▸ Available data:
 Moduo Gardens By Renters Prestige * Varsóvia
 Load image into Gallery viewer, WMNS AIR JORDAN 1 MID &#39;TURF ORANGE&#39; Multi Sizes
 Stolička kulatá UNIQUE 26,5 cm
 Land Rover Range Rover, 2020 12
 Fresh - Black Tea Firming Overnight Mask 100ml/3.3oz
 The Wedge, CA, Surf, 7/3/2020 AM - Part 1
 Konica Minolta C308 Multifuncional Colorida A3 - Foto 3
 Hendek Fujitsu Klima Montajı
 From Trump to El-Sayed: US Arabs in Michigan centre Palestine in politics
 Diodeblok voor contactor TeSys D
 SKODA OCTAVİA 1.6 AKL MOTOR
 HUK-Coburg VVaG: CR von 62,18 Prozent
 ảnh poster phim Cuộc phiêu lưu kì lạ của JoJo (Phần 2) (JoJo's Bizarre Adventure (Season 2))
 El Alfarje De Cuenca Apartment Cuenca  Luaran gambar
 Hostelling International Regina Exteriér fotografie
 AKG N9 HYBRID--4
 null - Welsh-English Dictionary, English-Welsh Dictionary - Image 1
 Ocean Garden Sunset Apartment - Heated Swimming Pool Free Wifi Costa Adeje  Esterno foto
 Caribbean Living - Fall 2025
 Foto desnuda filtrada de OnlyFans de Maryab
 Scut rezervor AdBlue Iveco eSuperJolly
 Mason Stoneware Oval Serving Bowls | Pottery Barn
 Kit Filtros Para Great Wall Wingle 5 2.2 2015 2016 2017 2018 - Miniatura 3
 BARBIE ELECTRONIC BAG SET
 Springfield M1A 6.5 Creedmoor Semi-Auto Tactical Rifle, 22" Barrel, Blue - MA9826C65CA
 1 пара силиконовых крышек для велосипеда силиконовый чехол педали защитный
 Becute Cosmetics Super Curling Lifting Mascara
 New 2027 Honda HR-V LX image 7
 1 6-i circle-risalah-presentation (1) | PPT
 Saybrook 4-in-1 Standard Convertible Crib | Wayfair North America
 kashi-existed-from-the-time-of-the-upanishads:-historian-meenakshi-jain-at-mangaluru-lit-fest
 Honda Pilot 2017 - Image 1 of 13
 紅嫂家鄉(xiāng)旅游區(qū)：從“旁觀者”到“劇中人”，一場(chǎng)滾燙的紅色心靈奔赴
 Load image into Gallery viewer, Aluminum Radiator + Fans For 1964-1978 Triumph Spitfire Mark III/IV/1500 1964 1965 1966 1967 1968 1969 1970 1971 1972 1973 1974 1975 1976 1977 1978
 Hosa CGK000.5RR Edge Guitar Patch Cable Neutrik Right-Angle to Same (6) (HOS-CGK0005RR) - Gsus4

▸ Task prompt:
Go through the material above and return each line that holds the word "Gallery".

▸ Task solution:
 Load image into Gallery viewer, WMNS AIR JORDAN 1 MID &#39;TURF ORANGE&#39; Multi Sizes
 Load image into Gallery viewer, Aluminum Radiator + Fans For 1964-1978 Triumph Spitfire Mark III/IV/1500 1964 1965 1966 1967 1968 1969 1970 1971 1972 1973 1974 1975 1976 1977 1978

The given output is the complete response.